## Background and Motivation

For the past few weeks I've been working on learning Python and building a data science toolkit. Until now, this had largely entailed following canned tutorials and working with data that came from flat files downloaded from some online resource.

Given that this is not where most data scientists obtain their data, I wanted to do a small project that would require obtaining data using an API, populating a database, and creating visualizations on top of that database. 

In [1]:
import pandas as pd
import numpy as np
import requests # used for api calls
import json # parse json body
from pandas.io.json import json_normalize
import psycopg2
from sqlalchemy import create_engine


  """)


## Strava API

Strava makes it very easy to use their API. If you are a user of the Strava app, you simply login to their web app and create an application. Even as a complete beginner to using API's, once I had the keys it only took a little experimenting to figure out how to use it. I found this [blog post](https://yizeng.me/2017/01/11/get-a-strava-api-access-token-with-write-permission/) by Yi Zeng very helpful to figure out how to get additional read and write permissions that are necessary to request more detailed information. 

I learned that it is best practice to hide your API keys from public view (github). It is clear there are more sophisticated and robust ways of doing this, but for a quick and easy solution, you can create a `config.py` file in your project folder and use that script to store your keys. Then you add `config.py` to your `.gitignore` and it doesn't get uploaded.
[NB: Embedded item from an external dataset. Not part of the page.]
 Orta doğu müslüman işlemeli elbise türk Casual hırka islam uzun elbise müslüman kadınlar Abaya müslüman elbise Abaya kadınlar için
At this point, I'll assume you have followed the blog post by Yi Zeng and have experimented with some API calls in your command line.

### Refresh API token
The access token provided by Strava expires after a certain amount of time. You are given a refresh token that you can exchange for a new access token. I wanted to be able to come back to this notebook and refresh the data at a future point, so I included the lines below to use the refresh token to acquire a new access token

In [2]:
import config # create a configuration file to hide your API keys

In [3]:
# this refreshes your access code - previously created an access code that had greater permissions
refresh = {'client_id':config.client_id,
          'client_secret':config.client_secret,
          'grant_type':'refresh_token',
          'refresh_token':config.refresh_token}
response = requests.post('https://www.strava.com/oauth/token', params=refresh)

In [4]:
# confirm connection
access_token = response.json()['access_token']
header = {'Authorization': 'Bearer {}'.format(access_token)}

In [5]:
# update weight to verify additional permissions are working
d = {"weight":"178"}
resp = requests.put('https://www.strava.com/api/v3/athlete', headers=header, data=d)
resp.json()['weight']

178.0

I'm primarily interested in the activity data, let's see what the response looks like. I'll use this information to determine the structure the table I create in my database.

In [6]:
activities = requests.get('https://www.strava.com/api/v3/athlete/activities', headers = header)

In [7]:
activities.json()
activities_test = json_normalize(activities.json(), sep = "_")
activities_test.columns

Index(['achievement_count', 'athlete_count', 'athlete_id',
       'athlete_resource_state', 'average_cadence', 'average_heartrate',
       'average_speed', 'average_temp', 'comment_count', 'commute',
       'display_hide_heartrate_option', 'distance', 'elapsed_time',
       'elev_high', 'elev_low', 'end_latlng', 'external_id', 'flagged',
       'from_accepted_tag', 'gear_id', 'has_heartrate', 'has_kudoed',
       'heartrate_opt_out', 'id', 'kudos_count', 'location_city',
       'location_country', 'location_state', 'manual', 'map_id',
       'map_resource_state', 'map_summary_polyline', 'max_heartrate',
       'max_speed', 'moving_time', 'name', 'photo_count', 'pr_count',
       'private', 'resource_state', 'start_date', 'start_date_local',
       'start_latitude', 'start_latlng', 'start_longitude', 'timezone',
       'total_elevation_gain', 'total_photo_count', 'trainer', 'type',
       'upload_id', 'utc_offset', 'visibility', 'workout_type'],
      dtype='object')

Note that the json structure can vary activity to activity. I primarily use Strava for running, so I don't receive any of the fields specific to cycling. Also I noticed that depending on whether or not you use a device for a run, some fields will be included. The varying returned fields is something to consider when creating a pipeline from API to database.

# PostgreSQL

I opted to work with PostgreSQL for this project. It seemed like an approachable step up from sqlite3 and you can access it from the command line, so while working on this notebook, I could have a terminal window open, validating steps and experimenting.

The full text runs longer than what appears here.